I am a big advocate on proper grooming, especially when it comes to my personal appearance and the reason is simply because it is nasty to walk around without a good clean hair cut, beard trimmed or shaven off and most importantly, a good smelling deodorant to calm the loathsome fragrance from the arm pits. My teeth and tongue are regularly checked out by a licensed dentist to make sure they’re cleaned up properly in order to eliminate the rate of funk from the mouth. In addition, I take great pleasure in using Vaseline on my lips to keep the ash away.
If I devote this type of effort to be presentable to the public and to the people I love, it is simply because I want to assign everyone in my environment a fresh breath of dignity and honor.

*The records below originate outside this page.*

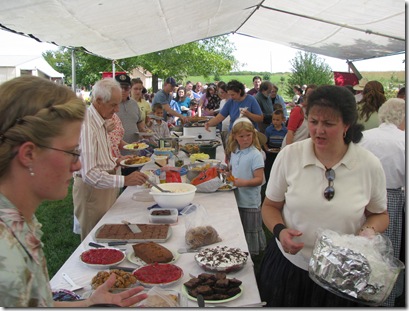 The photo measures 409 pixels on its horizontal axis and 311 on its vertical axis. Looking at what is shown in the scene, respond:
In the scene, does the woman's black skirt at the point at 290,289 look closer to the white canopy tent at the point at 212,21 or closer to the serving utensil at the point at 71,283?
the serving utensil at the point at 71,283

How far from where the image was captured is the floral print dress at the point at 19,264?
2.51ft

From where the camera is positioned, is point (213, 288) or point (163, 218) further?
point (163, 218)

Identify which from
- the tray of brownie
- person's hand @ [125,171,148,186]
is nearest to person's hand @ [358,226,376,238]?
the tray of brownie

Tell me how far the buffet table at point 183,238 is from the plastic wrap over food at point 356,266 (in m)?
0.28

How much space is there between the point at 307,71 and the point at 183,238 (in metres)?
20.2

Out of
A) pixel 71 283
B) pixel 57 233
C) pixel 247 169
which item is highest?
pixel 247 169

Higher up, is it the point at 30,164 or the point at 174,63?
the point at 174,63

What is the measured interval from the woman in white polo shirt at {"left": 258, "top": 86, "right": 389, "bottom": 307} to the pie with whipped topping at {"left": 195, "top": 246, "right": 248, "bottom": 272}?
0.19 meters

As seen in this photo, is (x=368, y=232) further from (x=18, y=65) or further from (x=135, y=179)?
(x=18, y=65)

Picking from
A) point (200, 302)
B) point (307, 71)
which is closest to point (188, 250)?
point (200, 302)

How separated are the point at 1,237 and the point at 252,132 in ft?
8.26

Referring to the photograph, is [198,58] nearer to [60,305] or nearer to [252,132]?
[252,132]

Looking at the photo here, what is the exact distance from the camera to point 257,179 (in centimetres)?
303

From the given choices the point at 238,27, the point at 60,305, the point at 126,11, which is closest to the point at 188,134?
the point at 126,11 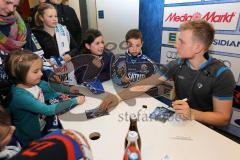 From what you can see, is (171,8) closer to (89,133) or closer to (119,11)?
(119,11)

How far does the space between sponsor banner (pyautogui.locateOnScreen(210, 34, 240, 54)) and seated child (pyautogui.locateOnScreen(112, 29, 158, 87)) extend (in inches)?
30.9

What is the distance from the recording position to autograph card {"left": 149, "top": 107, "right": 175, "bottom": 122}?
4.06ft

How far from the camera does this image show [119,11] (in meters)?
3.32

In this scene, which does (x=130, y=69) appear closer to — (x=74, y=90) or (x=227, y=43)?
(x=74, y=90)

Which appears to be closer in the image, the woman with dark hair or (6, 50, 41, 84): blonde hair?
(6, 50, 41, 84): blonde hair

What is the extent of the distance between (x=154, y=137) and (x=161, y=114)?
241mm

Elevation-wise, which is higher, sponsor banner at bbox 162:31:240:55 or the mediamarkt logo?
the mediamarkt logo

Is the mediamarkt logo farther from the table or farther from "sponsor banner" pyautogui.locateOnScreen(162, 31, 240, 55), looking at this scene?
the table

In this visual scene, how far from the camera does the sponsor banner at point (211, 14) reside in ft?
6.55

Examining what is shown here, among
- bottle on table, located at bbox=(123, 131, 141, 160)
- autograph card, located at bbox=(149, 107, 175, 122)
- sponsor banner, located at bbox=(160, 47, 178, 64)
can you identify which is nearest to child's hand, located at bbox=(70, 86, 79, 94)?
autograph card, located at bbox=(149, 107, 175, 122)

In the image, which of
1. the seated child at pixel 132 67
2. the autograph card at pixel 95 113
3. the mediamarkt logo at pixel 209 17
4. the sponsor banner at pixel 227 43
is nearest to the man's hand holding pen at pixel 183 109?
the autograph card at pixel 95 113

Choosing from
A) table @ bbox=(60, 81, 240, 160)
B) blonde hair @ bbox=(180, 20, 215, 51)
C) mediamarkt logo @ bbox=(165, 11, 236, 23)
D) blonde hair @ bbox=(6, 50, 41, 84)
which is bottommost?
table @ bbox=(60, 81, 240, 160)

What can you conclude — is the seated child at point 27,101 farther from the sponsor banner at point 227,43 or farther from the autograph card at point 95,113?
the sponsor banner at point 227,43

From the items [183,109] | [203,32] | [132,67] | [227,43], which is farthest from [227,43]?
[183,109] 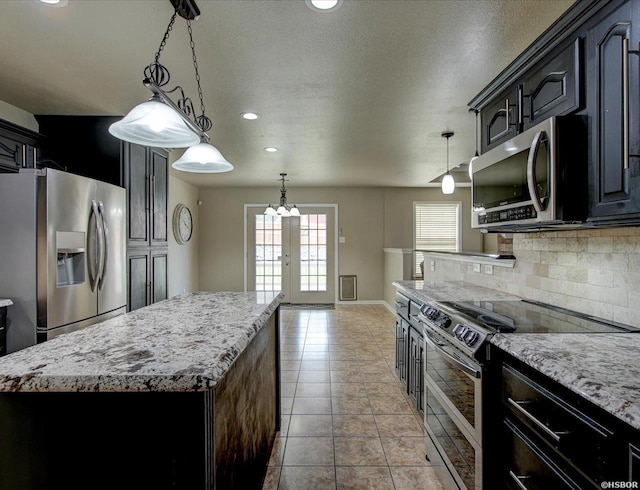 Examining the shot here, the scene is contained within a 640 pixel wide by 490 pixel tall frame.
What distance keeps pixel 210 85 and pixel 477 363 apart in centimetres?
244

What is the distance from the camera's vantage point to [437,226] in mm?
7543

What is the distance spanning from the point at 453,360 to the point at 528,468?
562 millimetres

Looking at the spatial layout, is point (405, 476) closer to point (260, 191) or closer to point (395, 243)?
point (395, 243)

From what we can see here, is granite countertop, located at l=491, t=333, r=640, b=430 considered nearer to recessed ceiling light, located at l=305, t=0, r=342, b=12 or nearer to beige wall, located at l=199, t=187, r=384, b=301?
recessed ceiling light, located at l=305, t=0, r=342, b=12

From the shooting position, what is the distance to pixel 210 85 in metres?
2.55

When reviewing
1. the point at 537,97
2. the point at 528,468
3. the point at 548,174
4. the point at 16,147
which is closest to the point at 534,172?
the point at 548,174

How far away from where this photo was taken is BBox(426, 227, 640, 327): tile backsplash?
163 centimetres

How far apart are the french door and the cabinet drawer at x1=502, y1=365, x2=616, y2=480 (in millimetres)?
6100

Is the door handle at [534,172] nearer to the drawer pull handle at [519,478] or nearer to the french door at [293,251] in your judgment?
the drawer pull handle at [519,478]

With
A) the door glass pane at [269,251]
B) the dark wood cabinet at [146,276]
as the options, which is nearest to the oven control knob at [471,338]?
the dark wood cabinet at [146,276]

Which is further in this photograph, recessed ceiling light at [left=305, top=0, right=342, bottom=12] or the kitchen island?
recessed ceiling light at [left=305, top=0, right=342, bottom=12]

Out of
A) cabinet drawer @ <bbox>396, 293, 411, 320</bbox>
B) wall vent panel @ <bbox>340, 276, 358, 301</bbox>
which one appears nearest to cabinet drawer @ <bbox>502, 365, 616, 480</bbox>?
cabinet drawer @ <bbox>396, 293, 411, 320</bbox>

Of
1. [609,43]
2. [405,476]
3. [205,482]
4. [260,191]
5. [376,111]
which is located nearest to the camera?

With that in mind, it is certainly refreshing to see few men and women devote the same amount of time and energy to join the movement in paying close attention to details about their personal grooming. It is indeed a valid encouragement to see elbows and corner soles of someone’s feet, fairly and thoroughly acquainted with 100% white petroleum jelly better known as Vaseline, in order to keep the level of their ashy epidermis down and to smooth out soles’ surfaces so they don’t turn into switch
I honestly don’t think that’s too much to ask. In reality, it is heartbreaking to see cracks as thick as alligator’s skin at the bottom sole of many feet out there having great thirst for petroleum grease and for some reasons are constantly exposed through sandals, high heels showing those ashy parts, even going as far as committing the ultimate sin, to walk around bear feet.
Who cares whether you want to oil yourself or not?
Well if you don’t, that’s fine.
At least don’t be the loudest simpleton on the block, don’t talk about someone else’s imperfection until you completely correct yours first, don’t draw attention to yourself unless Vaseline do you justice; then and only then you might earn the right to show how Vaseline should be our best friend.